Houston takes over at their 33 with 2:02 left and a chance to put the game away. Incomplete for Martinez on the sideline as the 2:00 warning arrives at 1:57. The next two plays better be damn runs. Andre Hall sweeps right; timeout, KC at 1:48. 3rd-and-7. Rinse and repeat, to the left, and Houston's punting with 1:42 left. They'll have 90 seconds and no timeouts to drive 75 yards.
Thigpen pass high and incomplete for Lawrence. Scramble up the middle for 9. Handoff to Savage for 13 more. Chiefs at their 46, :42 left. Thigpen gets swamped by Texans and tries to handoff to Savage, who manages to miss a blitz pickup and fumble all on the same play. Thigpen recovers, but it's a big loss. 3rd-mile pass is tipped incomplete downfield. They spiked after the handoff. On 4th and a mile, Thigpen gets flushed again and makes a throw way off balance that Savage flubs to David Pittman for a game-sealing INT.

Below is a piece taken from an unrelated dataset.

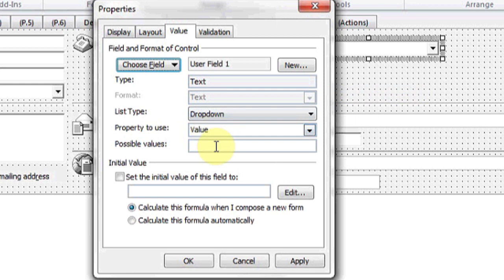Where it says Property to use, make sure it says Value. And then for any of the possible values you'd like to put in the box, make sure you separate them with a comma.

Final score: Houston 16, Kansas City 10.
MVP: The Texans still need to sell me, so I'm naming Kris with a K Brown the MVP for scoring 10 of their 16 points. It sure looks like they're going to depend on him for a lot of their scoring AGAIN this year.
What did we learn: That should be an active group of LBs down I-70 way. Derrick Johnson, Corey Mays and Tamba Hali all did a lot to like. Succop looks like a starting quality kicker. And the Chiefs have guys buried on their bench who shouldn't be. It's ridiculous to have Dwayne Bowe on the second string. He was a man among boys. And they have too much talent at QB to keep all three. Croyle sure ought to be worth something in a trade. The Texans showed good depth at RB with Brown and Moats. Schaub was on - 7 for 7 - and they need him. They're getting more and more of a physical mentality on the offensive line, but you shouldn't be giving up sacks to Kansas City, either. And their red zone offense is still lukewarm. Also, two universal truths: it's a lot harder to play football in the rain, and Rex Grossman still sucks.
Up next: Lord help me, it's one of the worst teams to watch in preseason, the Tampa Bay Bucs, at Tennessee.